We are musicians in the same band: how LBA and LC-MS assays complement each other

Written by Johanna Mora, Bristol-Myers Squibb

jmoraHow do you put together a band? Do you get 4 guitar players? Or do you try to diversify? The same applies to bioanalytical groups/organizations. The “Hot Topics in Large Molecule Bioanalysis” survey and recent discussions at the 2014 AAPS National Biotechnology Conference (NBC) in San Diego show a divide between labs utilizing LBA platforms and those labs using LC-MS assay platforms. I believe that better integration and collaboration between both technologies is the key to addressing today’s bioanalytical challenges. It is difficult to determine from this small survey if integration is on-going but I believe that this collaboration is where our focus should be, rather than worrying if one platform is going to replace the other.

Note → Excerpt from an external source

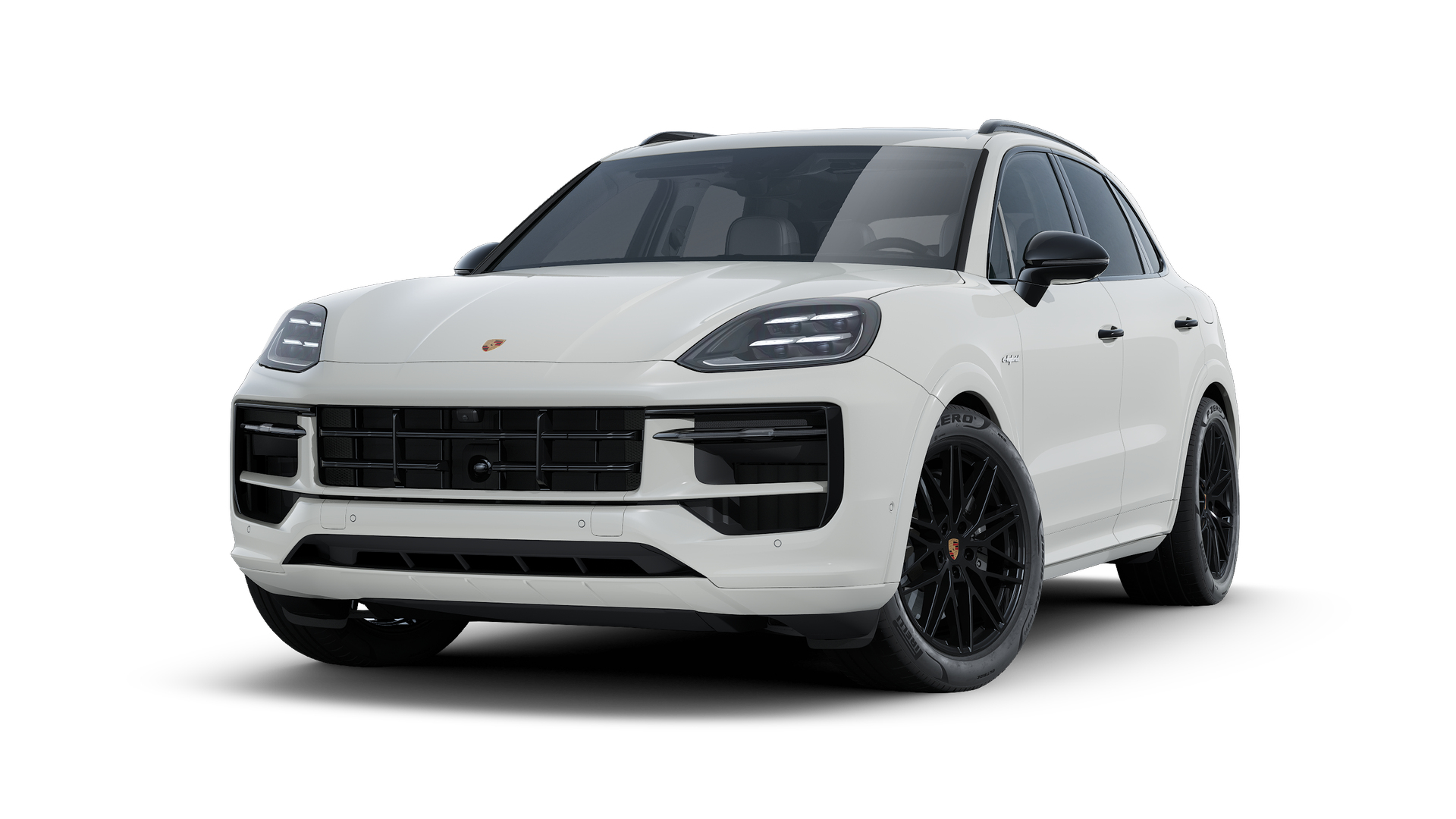 Cayenne E-Hybrid ის გარე ხედი, რომელიც აჩვენებს მანქანის წინა და მარცხენა მხარეს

The survey touched on challenges and assay acceptance criteria, the latter particularly relevant as the FDA reviews comments from the industry to the new draft on Bioanalytical Method Validation. The use of LC-MS to support bioanalysis of large molecules is still relatively new, as pointed out by representatives of regulatory agencies. That is why there is no clear guidance in that space. From my perspective, it is scientifically sound to let the pre-study validation data drive the acceptance criteria for sample analysis while using the same target acceptance criteria as that set for LBAs. But it is not surprising that people do not want to set tighter acceptance criteria as it may lead to higher failure rates in sample analysis.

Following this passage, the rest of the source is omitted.